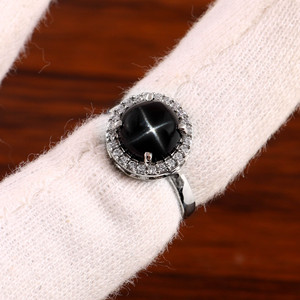 Bán Buôn Sang Trọng 925 Sterling Silver Bạc Đồ Trang Sức Mỹ Màu Đen Sao Sapphire Nhẫn Phụ Nữ Engagement Wedding Featuring Kim Cương Ngọc Trai Chính - Product Image 6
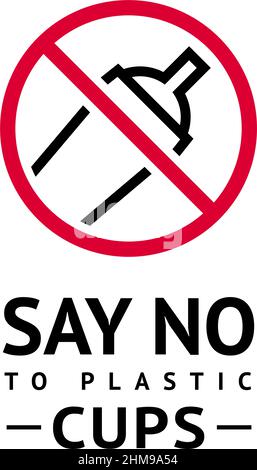 No plastic forbidden poster, modern sticker Stock Vector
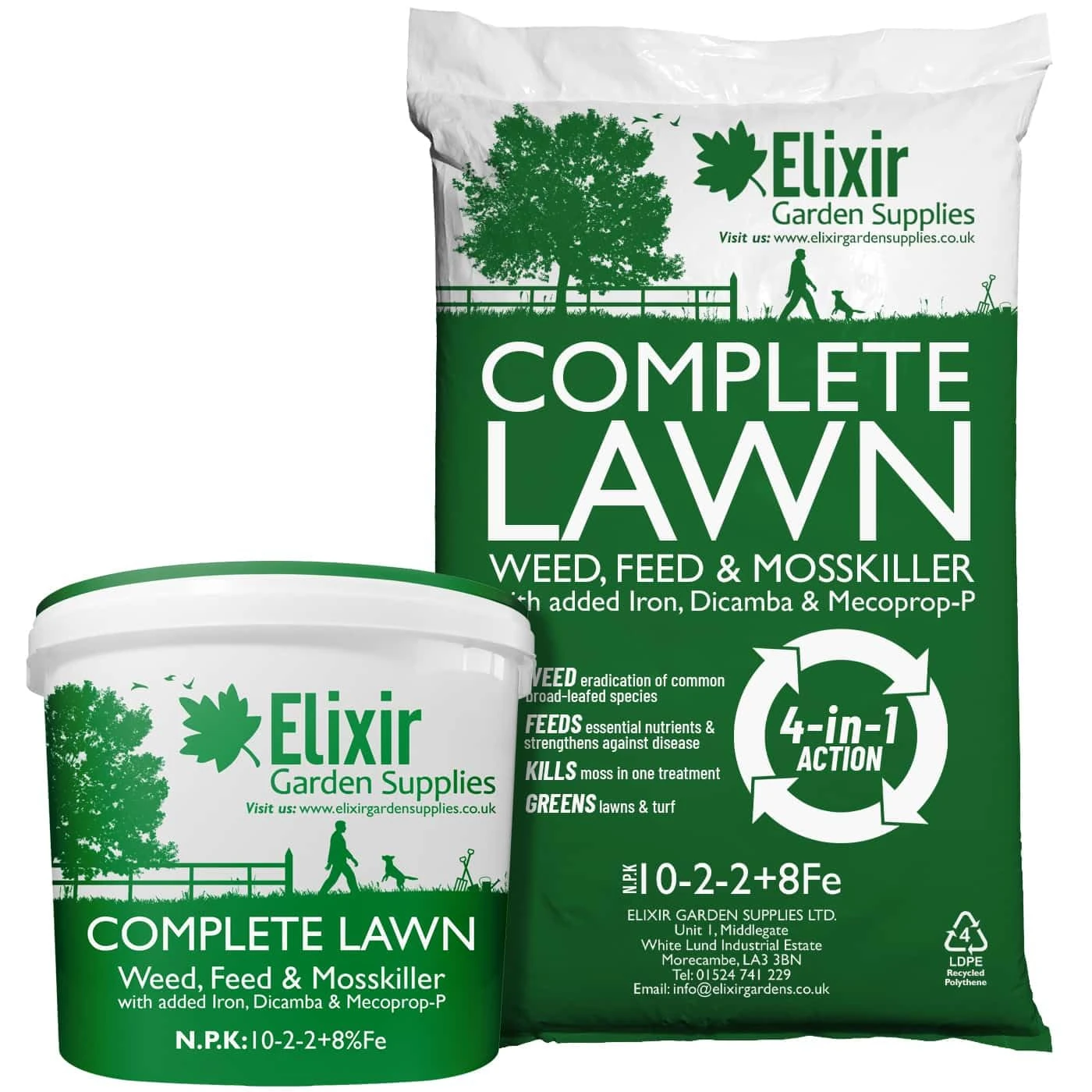 Elixir Gardens UK COMPLETE LAWN Weed, Feed & Mosskiller 10-2-2+8Fe | 4-in-1 Turf & Grass Fertiliser/Feed with Added Iron, Dicamba & Mecoprop-P | 32 Square Meters Coverage | 1kg Tub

▬▬▬

Requirement -> Repeat the material exactly, without images.

Response area ->
 Bán Buôn Sang Trọng 925 Sterling Silver Bạc Đồ Trang Sức Mỹ Màu Đen Sao Sapphire Nhẫn Phụ Nữ Engagement Wedding Featuring Kim Cương Ngọc Trai Chính - Product Image 6
 No plastic forbidden poster, modern sticker Stock Vector
 Elixir Gardens UK COMPLETE LAWN Weed, Feed & Mosskiller 10-2-2+8Fe | 4-in-1 Turf & Grass Fertiliser/Feed with Added Iron, Dicamba & Mecoprop-P | 32 Square Meters Coverage | 1kg Tub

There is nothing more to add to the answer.